How can I tell that a conversation with my child is the kind that helps him learn?

Every conversation is different–what kind of conversation helps learning? Fortunately, one important quality also happens to be easy to recognize: conversational turns.  Researchers tell us that conversational turns or  back-and-forth exchanges are at the root of what makes a conversation valuable when it comes to building your baby’s brain.

Your child speaks, and you respond–but not with just, “Uh huh.”

Your best reply to your child:
  1. Shows you heard and understood what he said
  2. Is warm and caring
  3. Is framed to invite another reply

Harvard researchers call this a serve and return interaction. (Tennis or volleyball, anyone?) In tennis one player serves the ball, and the other player returns the ball over the net. Your child speaks, and you answer. What your child offers in his “serve” changes the way you give the “return.”

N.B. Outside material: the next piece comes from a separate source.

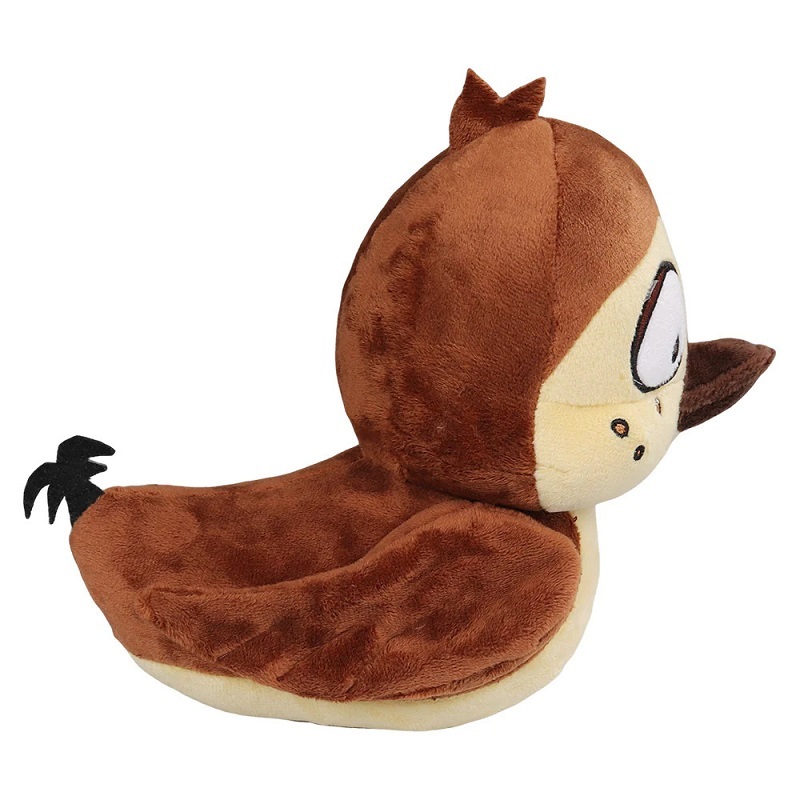 Migration 2023 Gwen Plush Toy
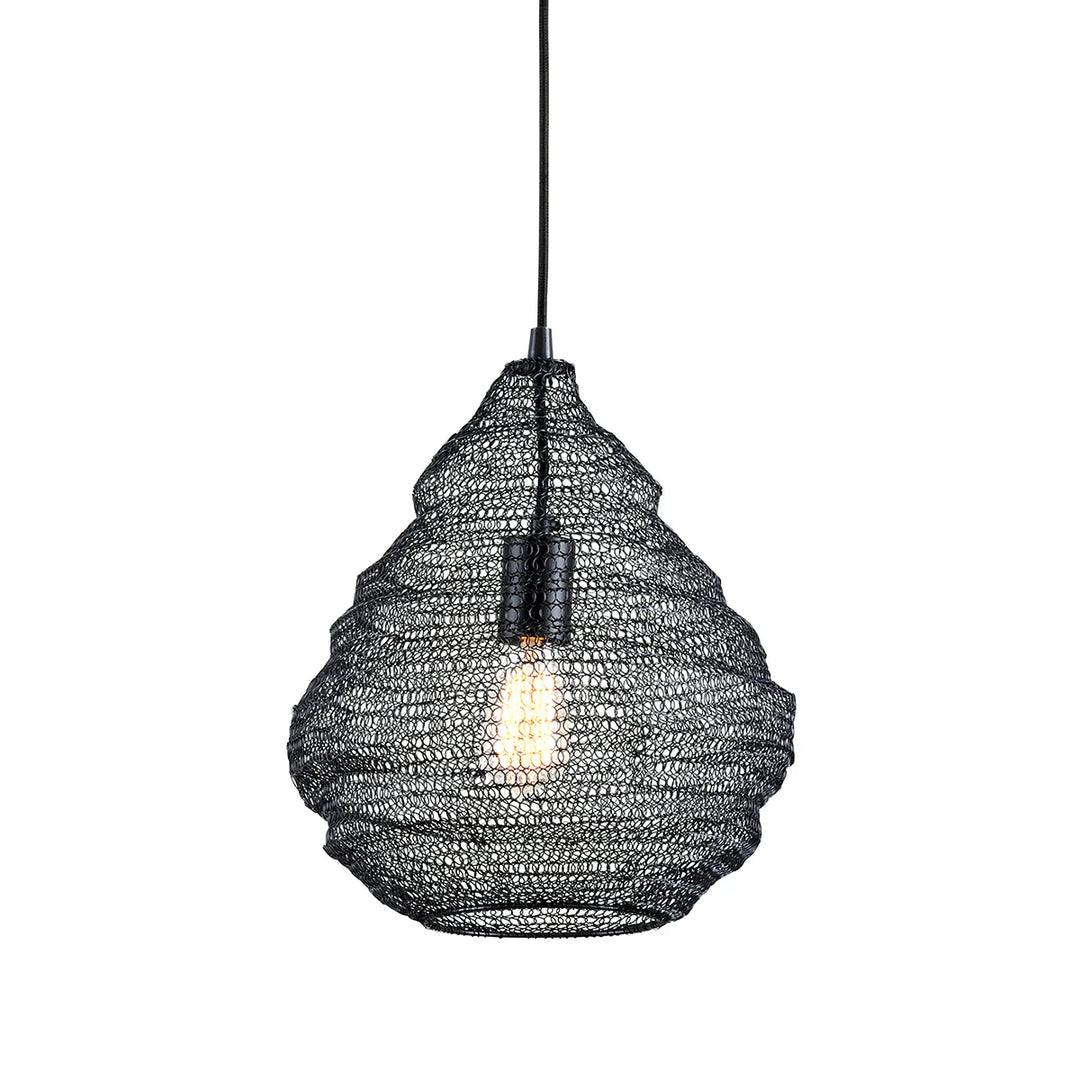 Wabi Sabi Pendant Troy Lighting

What a baby brings to the conversation may not be words. A coo, gurgle, smile, a glance in a certain direction, or excited arms movements are all baby serves to be answered by the parent. Your return is a smile with a direct look and words to show you understood.

It makes you happy to see your big sister come in the room, doesn’t it?

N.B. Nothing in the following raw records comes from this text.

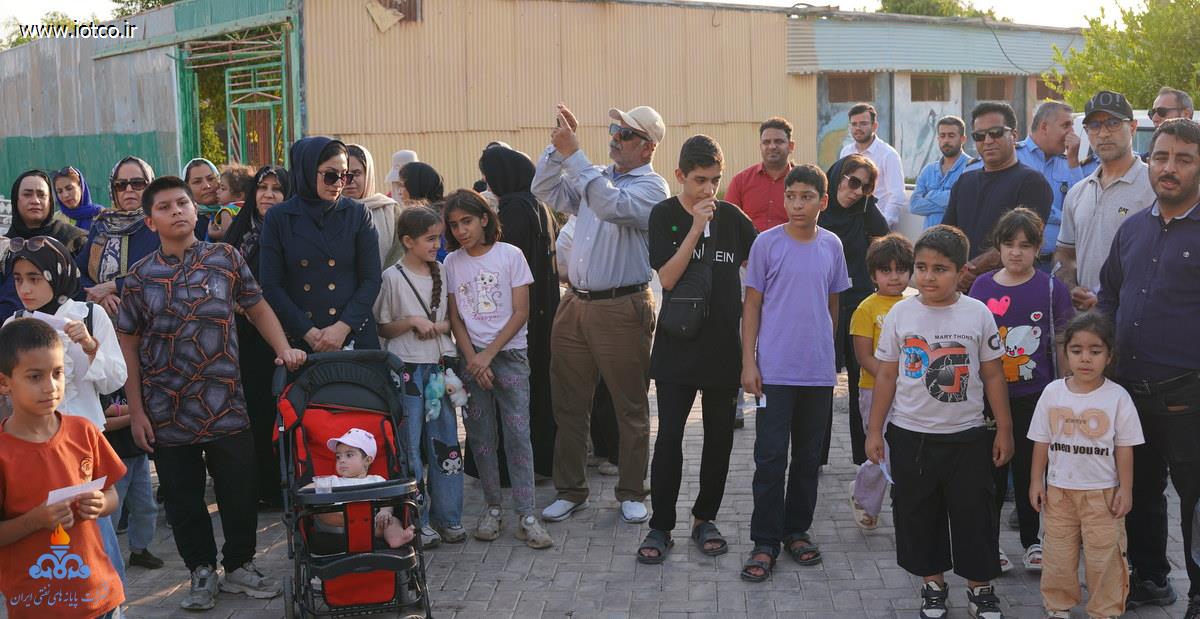 پیاده روی خانوادگی + هفته سلامت  11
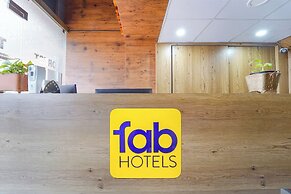 Fabhotel Ink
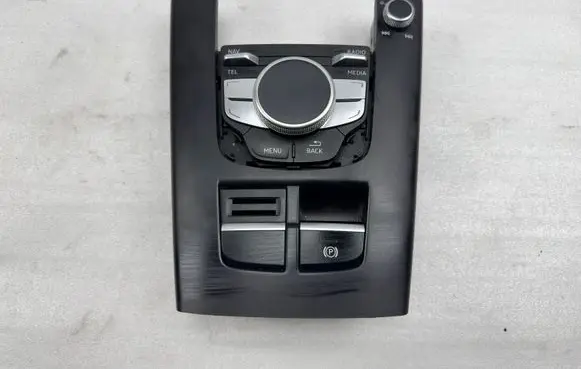 Audi RS3 Multifunctional control switch/knob 8V0919614K 8V0919614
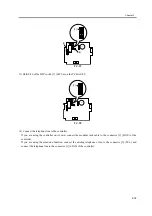 Предварительный просмотр 149 страницы Canon iR2270 Series Service Manual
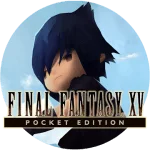 FINAL FANTASY XV POCKET EDITION MOD APK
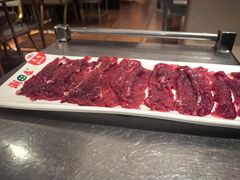 -潮泰牛肉火锅 · 创于1992年(车公庙店)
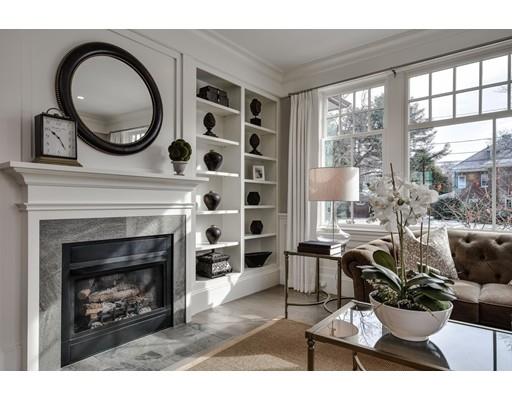 57 Metacomet Road Newton, MA 02468 - Photo 6 of 33 Gallery Image 6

When a tennis player makes a habit of swinging his racquet without paying attention to where the opposing player hits the ball, it’s not much of a game. It will come to an end pretty fast. Being on the returning side requires adjusting your position. In a conversation with a young child this means watching where his attention is going and being ready to respond accordingly. Your return is also calculated to invite another return from your child. This is where the tennis analogy breaks down–you WANT your child to give another response to you. The win in the game of parent-child conversation is multiple returns, not putting the ball out of reach.

Why is serve and return conversation important?

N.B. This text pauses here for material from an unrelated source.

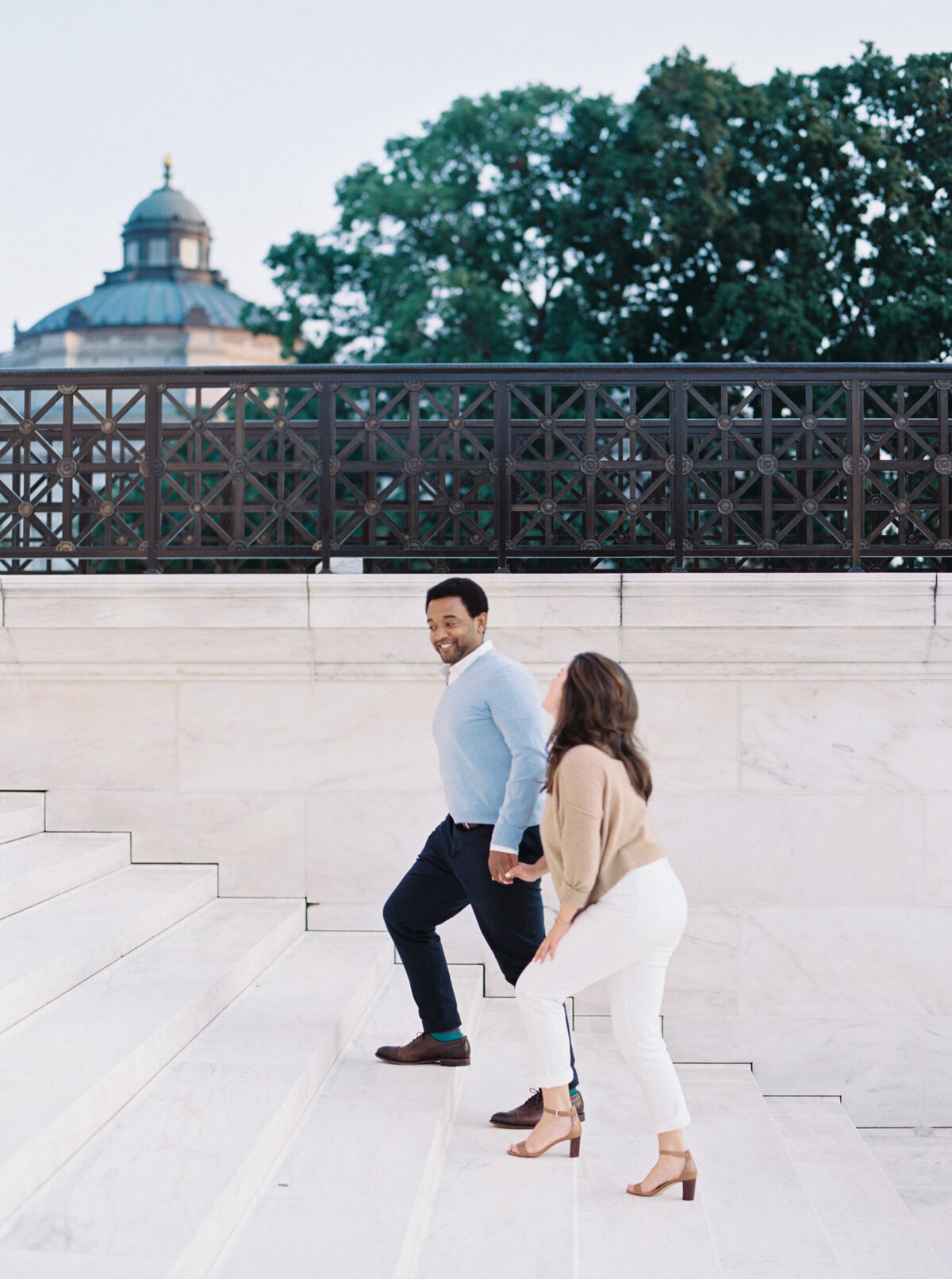 Emily March Photography Wilmington, North Carolina and Destination Wedding Engagement Photographer Heirloom Photography for Memorable Gatherings Light Airy Sentimental Imagery Images Weddings Chelsea+Nick_041
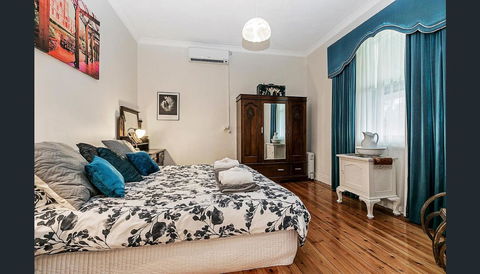 Treasured Memories Cottage - Accommodation Georgetown 1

Babies and young children are busy with the critical work of building the brain architecture that will serve them throughout life. Billions of neural connections are formed across different areas of the brain. (Harvard, Center on the Developing Child).  A strong foundation of brain architecture prepares a child to make the most of later learning experiences.

The serve and return interactions between a very young child and an adult are an important contributor to how these connections develop and the shaping of brain architecture.

The fact that parents can influence brain architecture is good news–great news! All parents want to give their children every possible advantage to reach their greatest potential. Regular conversational turns is a powerful brain-building tool all parents can use.

Reference

National Scientific Council on the Developing Child (2007). The Timing and Quality of Early Experiences Combine to Shape Brain Architecture: Working Paper No. 5. Retrieved from www.developingchild.harvard.edu.